The wonder of MOOCs is that there are so many amazing courses available for free or at very reasonable cost. Other MOOCs that I’ve heard great things about are:
- Nand to Tetris
- Tim Roughgarden’s Algorithms Specialization
- Programming Languages Part A, Part B and Part C
These are a little more advanced, though, so treat them as the suggestions that they are, and not as a checklist of courses you have to do. The important thing here is simply to demonstrate that you’ve sought out some CS learning on your own.
How long should I spend on my application?
According to my Notion page history, I created my MCIT “Essay” page on April 6, 2020. The admission deadline for the Spring 2021 semester was July 31, 2020, so the whole process took me about four months.
The parts of the application that have the longest lead times are:
- GRE preparation (4-12 weeks, depending on your preparation and test-taking ability)
- Letters of recommendation (1-2 months advance notice for your recommenders)
If you’re only getting started on the application with just two months before the deadline, I would consider that to be too tight. It’s doable, but it increases the likelihood that you’ll submit something less than representative of your strength as a candidate.
Another wrinkle in your planning is whether you foresee taking the GRE more than once. I discuss this further under How should I prepare for the GRE?
Do I need to take the GRE?
Yes.
If you need to ask, the answer is yes.
The official answer is this:
No, the GRE is optional. But there are a few scenarios in which we strongly recommend taking the GRE:
- You have not taken any quantitative courses (such as math or physics).
- You feel the grades that you received in your bachelor’s program do not represent your current abilities and are lower than you would like them to be.
- You received your undergraduate degree 15 or more years ago.
The way I see it, there is virtually no situation in which it is beneficial to skip the GRE. The best that can be said is that for some people, skipping it won’t actively hurt your application. That’s the class of applicants who already have strong evidence of quantitative ability on their transcript or résumé.
If you graduated from a mathematics / engineering / physics program with a 3.8 GPA less than 15 years ago, sure, you don’t have to do the GRE. If you build quantitative financial models for a living, you don’t have to do the GRE. If you majored in film but have an A+ in Real Analysis on your transcript, you don’t have to do the GRE. (I was a film major, I can make jokes about film majors and maths.) You already know if you fall into this category.

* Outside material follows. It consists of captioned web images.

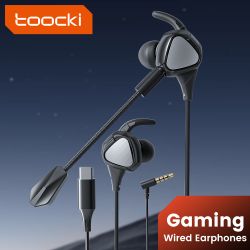 Tai nghe có dây Toocki TE27 dành cho game thủ, âm thanh vòm 7.1 HiFi Stereo, micro kép, âm bass mạnh mẽ, tai nghe nhét tai chơi 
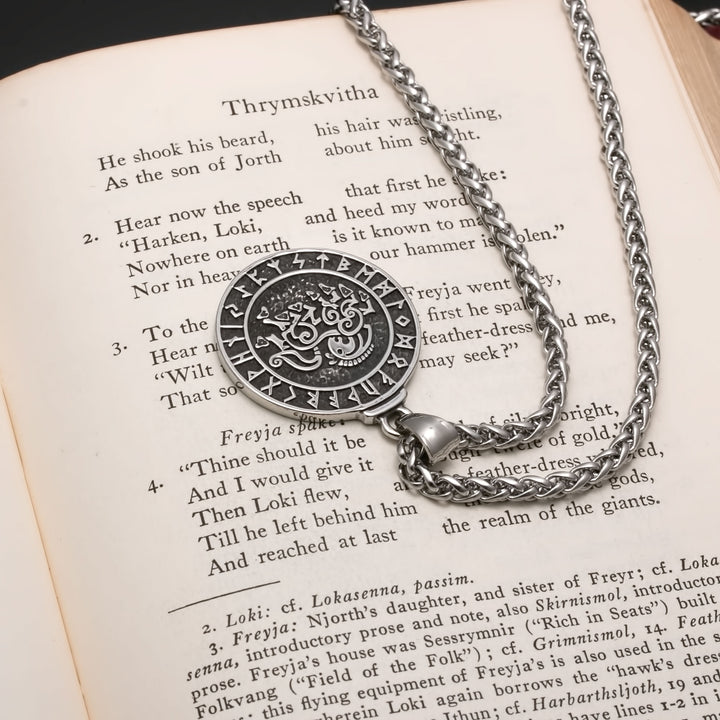 Sleipnir Horse Rune Pendant Necklace 316L Stainless Steel Viking Norse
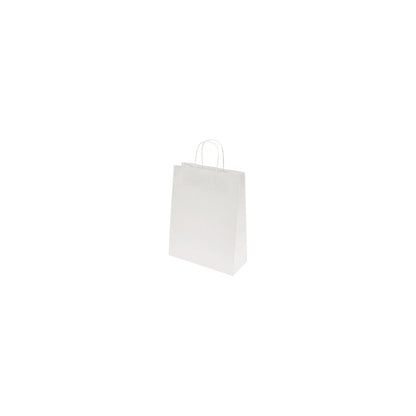 Toptwist paper carry bag, classic, white, LxWxH 240 x 110 x 310 mm, pack of 150.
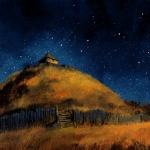 **scottish motte-and-bailey Castle with wooden pallisade on a hill , dark night with shining stars in autum, painting style** - Image #1 <@687598645855649848>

The truth is, if you do not have a quantitative background, the ability to use the GRE to prove your quantatitive bona fides is a godsend. Most schools want to see a college-level maths class on your transcript (Bath and OSU both do, for example), if not college-level CS classes. I have neither, and if you don’t either, the GRE is not optional for you.
Yes, standardised testing sucks. No, the GRE does not predict graduate school success. But let’s also be real here: in the MCIT program, there is at least one proctored exam per course. Each of these exams is about as long as the GRE, and requires the same kind of exam skills as the GRE. If preparing for a proctored, standardised exam is a deal-breaker for you, you may not enjoy graduate school very much.

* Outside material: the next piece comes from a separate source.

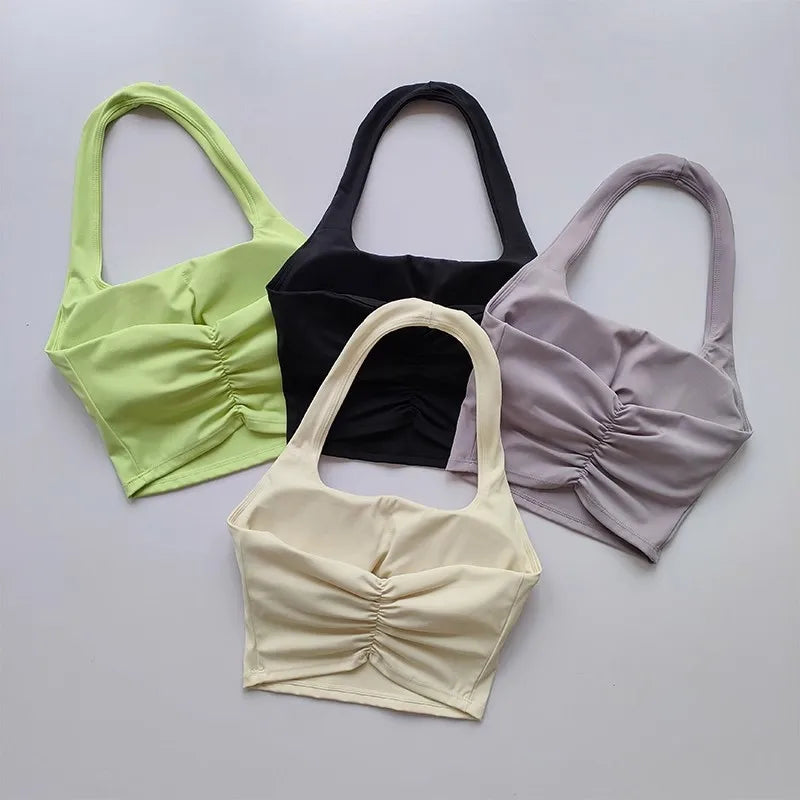Women's Yoga Sports Bra Sexy Neckband Chest Cushion Beautiful Back Fashionable Pleat Gathering Sports Bra for Fitness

How should I prepare for the GRE?
I spent about a month’s worth of evenings and weekends preparing for the GRE and took it once, coming out with a score I was more than happy with.
What I did was to buy Manhattan Prep’s 5lb. Book of GRE Practice Problems, take a diagnostic test, identify my weakest areas, and spend most of my time practising them. I probably spent 80% of my GRE preparation on statistics questions. My quantitative scores on practice tests at the end of my preparation were the same as my actual exam quant score.
You may need more time to prepare: most GRE preparation sites suggest 4 weeks as a minimum, and an upper bound of 12-20 weeks. Because the only sub-score that really matters is the Quantitative score, you don’t need 20 weeks cramming GRE vocabulary, but you want to give yourself enough time to be confident under exam conditions.
To retake or not to retake
Sometimes things go wrong. Your score isn’t as good as you want it to be, you fell ill on the day of the exam, you blanked out under exam conditions, whatever.
Retaking the GRE is pretty common, and there’s no harm in planning for it. You don’t have to take the GRE multiple times, but it’s nice to have that option if you bomb the first time. After each GRE test, you must wait 21 days before you can take the test again. That means that you should aim to take the GRE at least three weeks before the application deadline, in order to give yourself enough time for a re-take.
What other schools did you apply to?
I had four programs in mind: Penn’s MCIT program, University of Bath, Oregon State’s post-baccalaureate, National University of Singapore, and I ended up ranking them in that order. My criteria for choosing programs was simple:
- Must accept students without any prior CS background (this rules out Georgia Tech’s OMSCS, among others)
- Must be doable part-time
- Must not be more expensive than NUS’s MComp program at S$60,000+
- Must be doable completely remotely (NUS is the exception, as I can commute to it)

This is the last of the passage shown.